But I haven't even gotten to the crown turd in this shit pile. Remember this silly little TV series called Perfect Strangers? It was about a young Greek-ish (his island country was made up) shepherd who comes to the big city to make his fortune. It starred a young comedian with a talent for accents who was funny for about two seasons. Maybe. And then he got really grating and yet we all kept watching. His name was Bronson Pinchot, and he's in this movie as...the antagonist. Sans accent, and trying to be scary, any charm he may have once had is gone. He's not fun to watch as a bad guy, he's hilarious to watch in all the wrong ways. Mr. Toomy is not a guy you should be laughing at, and Pinchot isn't trying to be funny, but all you want to do while watching him shout and screen and gobble up more scenery than the titular monsters is laugh at him. He's worse than Jack Nicholson in The Shining, worse than Tim Curry in It, and in fact just might be the most over-the-top villain in any Stephen King adaptation ever. And that's saying a lot.

But to me, the worst performance of the film isn't even Pinchot. You expect ham and cheese from him, and at least he's a performance you can love to hate. No, the worst performance comes from Dean Stockwell, playing King's stock writer character (though for once he isn't really the lead), in this case, a mystery writer who figures out what's really going on with this story. Stockwell is a good actor, and we know he's above the material in this turkey (the film, not the story), but holy Christ does he phone this one in.
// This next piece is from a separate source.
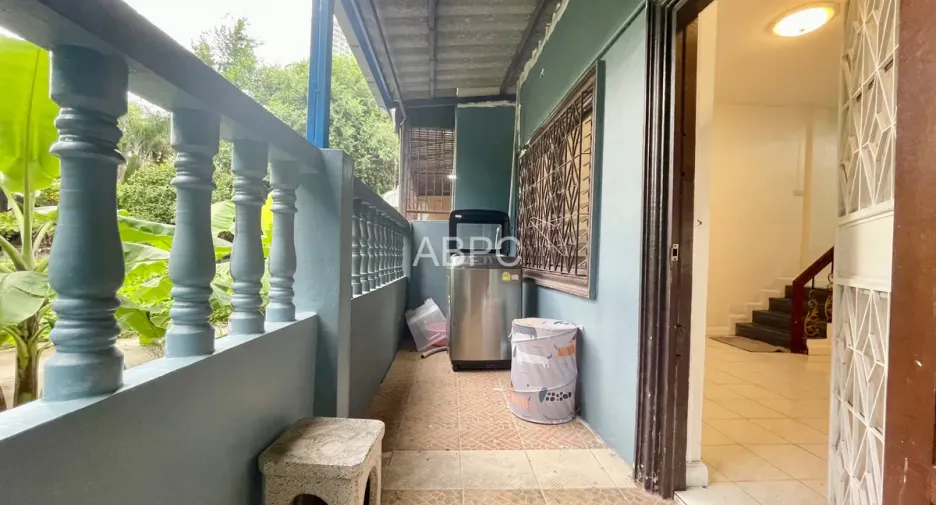 Casa adosada en alquiler y en venta de 3 habitaciones en Bang Lamung, Chonburi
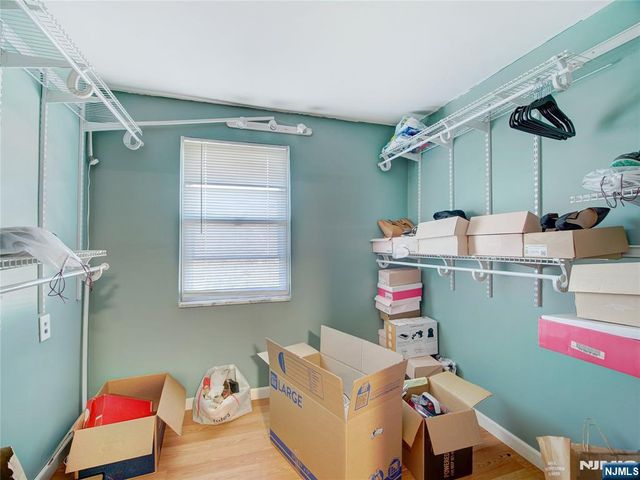 475 Dewey Avenue, Saddle Brook, NJ 07663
He's wooden, stilted and never acts like he actually believes what he's saying. You can almost see his eyes flicking back and forth as he reads from cue cards. I'm tempted to blame director Todd Holland, who has produced many films with stilted acting in them, but I can't pin it all on him. Stockwell's a good enough actor that he should have been able to tell Holland "look, just let me find this character my own way". This doesn't happen, and Stockwell seems half asleep for most of it. Any time his character begins speaking, I want to fast-forward, and considering the character is one of the most engaging in the book, I don't understand why Stockwell apparently felt he had so little to work with that he just didn't put in any effort at all.

And then there are the effects. Sweet hot-buttered fuck. I just...can't...nope.

So this is badly in need of being remade, as the book is damn well creepy, and in fact, seems like an extended creepypasta. If you don't know what those are, google it. You might enjoy yourself. Or you might find one of the more cliched ones and not enjoy yourself at all. This one is one of the better ones. Well, better still, because it's a full novel (whatever Four Past Midnight might be, it isn't a collection of novellas; these are absolutely long enough to be called novels) and because it's written by the man himself.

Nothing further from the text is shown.